* _What is required_
Take the data below and copy exactly the lines starting at the one with "Apatite Gemstone &" and finishing at the one with "Letter M Diamond Pendant for Men Letter", both included.

* _Entries shown_
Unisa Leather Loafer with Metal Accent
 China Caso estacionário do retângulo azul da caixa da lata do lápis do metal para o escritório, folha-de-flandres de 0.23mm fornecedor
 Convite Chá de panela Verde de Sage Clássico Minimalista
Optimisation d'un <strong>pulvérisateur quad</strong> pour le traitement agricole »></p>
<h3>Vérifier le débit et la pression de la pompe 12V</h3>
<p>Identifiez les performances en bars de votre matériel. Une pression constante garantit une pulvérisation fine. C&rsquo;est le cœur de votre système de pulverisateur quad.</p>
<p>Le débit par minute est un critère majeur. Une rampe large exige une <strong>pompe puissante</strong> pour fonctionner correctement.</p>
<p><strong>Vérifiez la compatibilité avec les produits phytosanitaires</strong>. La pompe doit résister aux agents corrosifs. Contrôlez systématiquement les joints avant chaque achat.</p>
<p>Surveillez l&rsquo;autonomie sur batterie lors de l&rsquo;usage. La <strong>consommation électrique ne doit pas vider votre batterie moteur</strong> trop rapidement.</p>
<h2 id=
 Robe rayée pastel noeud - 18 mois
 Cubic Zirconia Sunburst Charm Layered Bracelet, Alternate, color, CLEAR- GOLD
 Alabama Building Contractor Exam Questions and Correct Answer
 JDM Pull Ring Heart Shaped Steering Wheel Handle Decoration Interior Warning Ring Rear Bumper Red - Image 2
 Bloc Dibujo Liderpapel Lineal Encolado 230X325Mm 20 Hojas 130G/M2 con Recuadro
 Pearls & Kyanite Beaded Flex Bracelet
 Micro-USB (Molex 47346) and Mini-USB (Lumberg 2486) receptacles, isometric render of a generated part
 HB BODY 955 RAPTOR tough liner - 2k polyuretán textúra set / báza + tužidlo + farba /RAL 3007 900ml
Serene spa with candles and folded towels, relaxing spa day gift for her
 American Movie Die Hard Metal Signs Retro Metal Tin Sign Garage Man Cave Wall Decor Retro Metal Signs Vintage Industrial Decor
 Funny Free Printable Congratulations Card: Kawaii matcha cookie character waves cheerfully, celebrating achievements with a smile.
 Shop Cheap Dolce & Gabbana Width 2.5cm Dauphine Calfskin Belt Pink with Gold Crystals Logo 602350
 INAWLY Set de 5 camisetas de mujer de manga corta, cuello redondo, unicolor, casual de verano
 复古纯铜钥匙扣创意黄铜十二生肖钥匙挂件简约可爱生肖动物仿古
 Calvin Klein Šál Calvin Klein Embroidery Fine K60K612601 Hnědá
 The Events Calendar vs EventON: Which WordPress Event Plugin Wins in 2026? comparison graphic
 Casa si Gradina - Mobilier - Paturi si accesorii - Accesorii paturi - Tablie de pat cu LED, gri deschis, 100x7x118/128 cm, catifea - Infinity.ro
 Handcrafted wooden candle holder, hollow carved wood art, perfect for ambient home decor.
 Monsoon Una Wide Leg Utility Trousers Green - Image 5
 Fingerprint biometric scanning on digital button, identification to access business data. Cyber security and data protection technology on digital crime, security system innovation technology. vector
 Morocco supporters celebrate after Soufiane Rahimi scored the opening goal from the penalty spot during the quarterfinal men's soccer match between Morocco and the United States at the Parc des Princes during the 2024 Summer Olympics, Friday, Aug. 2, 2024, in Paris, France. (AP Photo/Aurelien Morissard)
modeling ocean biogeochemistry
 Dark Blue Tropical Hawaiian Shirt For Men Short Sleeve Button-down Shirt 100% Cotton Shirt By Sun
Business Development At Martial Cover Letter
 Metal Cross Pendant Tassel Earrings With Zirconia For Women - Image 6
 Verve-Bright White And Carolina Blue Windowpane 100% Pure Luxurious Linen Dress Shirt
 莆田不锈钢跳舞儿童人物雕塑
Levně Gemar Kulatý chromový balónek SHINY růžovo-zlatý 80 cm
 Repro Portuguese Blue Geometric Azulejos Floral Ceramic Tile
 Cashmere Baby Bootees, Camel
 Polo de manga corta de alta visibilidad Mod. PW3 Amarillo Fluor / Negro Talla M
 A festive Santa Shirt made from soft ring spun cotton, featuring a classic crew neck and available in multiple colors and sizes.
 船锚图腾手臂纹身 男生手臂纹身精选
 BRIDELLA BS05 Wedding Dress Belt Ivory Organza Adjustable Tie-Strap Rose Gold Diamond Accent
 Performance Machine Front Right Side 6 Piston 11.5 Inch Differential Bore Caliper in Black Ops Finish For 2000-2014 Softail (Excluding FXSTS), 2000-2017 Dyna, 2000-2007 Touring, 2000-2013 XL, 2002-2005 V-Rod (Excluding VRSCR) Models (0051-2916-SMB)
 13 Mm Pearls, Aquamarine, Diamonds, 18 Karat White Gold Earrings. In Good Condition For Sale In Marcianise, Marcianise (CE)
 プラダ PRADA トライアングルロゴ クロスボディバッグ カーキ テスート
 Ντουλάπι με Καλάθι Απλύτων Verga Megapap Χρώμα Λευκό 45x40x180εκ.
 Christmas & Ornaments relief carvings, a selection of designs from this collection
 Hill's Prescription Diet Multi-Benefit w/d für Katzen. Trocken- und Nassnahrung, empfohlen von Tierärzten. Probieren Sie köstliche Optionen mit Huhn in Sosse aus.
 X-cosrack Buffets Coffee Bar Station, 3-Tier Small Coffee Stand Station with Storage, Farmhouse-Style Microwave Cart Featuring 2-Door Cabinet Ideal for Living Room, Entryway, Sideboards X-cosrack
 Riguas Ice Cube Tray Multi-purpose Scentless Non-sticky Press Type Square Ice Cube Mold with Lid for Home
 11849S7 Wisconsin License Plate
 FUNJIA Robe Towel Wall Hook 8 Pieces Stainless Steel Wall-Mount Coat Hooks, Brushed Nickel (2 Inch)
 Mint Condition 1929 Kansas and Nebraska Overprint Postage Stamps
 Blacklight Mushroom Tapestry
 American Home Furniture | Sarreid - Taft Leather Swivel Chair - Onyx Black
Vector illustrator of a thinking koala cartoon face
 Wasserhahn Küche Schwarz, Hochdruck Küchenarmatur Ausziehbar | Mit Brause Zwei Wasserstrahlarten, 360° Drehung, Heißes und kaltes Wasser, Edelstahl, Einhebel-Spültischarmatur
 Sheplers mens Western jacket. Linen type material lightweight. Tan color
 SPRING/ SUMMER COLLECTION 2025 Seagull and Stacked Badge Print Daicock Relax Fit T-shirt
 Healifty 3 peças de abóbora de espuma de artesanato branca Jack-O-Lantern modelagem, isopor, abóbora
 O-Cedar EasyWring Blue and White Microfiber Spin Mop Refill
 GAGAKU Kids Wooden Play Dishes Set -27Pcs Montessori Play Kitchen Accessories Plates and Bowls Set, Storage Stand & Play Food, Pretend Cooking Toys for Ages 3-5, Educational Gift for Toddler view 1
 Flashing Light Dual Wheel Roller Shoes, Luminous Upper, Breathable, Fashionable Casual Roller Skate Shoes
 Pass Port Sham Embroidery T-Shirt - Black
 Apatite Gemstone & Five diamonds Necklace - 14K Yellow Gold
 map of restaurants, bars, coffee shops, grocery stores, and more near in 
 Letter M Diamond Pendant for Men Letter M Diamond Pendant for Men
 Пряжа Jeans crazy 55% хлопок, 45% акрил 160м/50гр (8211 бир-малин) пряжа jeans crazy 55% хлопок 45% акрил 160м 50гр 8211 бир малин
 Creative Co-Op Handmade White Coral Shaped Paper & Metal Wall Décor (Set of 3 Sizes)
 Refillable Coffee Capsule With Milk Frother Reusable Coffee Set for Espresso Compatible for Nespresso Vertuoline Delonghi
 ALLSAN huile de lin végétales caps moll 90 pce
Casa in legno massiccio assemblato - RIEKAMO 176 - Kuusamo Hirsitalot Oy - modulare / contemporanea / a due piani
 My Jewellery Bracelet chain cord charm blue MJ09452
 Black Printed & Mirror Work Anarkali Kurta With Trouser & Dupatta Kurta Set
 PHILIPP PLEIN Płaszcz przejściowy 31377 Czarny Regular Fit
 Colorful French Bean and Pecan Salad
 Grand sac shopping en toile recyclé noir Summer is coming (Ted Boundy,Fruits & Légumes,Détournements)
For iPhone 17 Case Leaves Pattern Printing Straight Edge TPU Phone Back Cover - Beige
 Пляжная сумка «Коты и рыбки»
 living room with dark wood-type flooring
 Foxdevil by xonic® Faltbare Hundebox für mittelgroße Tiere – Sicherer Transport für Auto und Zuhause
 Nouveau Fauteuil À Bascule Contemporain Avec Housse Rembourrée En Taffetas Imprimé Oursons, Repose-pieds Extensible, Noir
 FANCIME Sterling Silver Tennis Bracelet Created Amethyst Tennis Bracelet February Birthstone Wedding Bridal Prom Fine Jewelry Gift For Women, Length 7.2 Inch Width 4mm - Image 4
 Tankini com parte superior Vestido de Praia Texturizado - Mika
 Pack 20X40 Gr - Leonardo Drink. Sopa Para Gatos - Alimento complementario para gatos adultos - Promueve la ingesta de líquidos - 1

* _Result for this task_
 Apatite Gemstone & Five diamonds Necklace - 14K Yellow Gold
 map of restaurants, bars, coffee shops, grocery stores, and more near in 
 Letter M Diamond Pendant for Men Letter M Diamond Pendant for Men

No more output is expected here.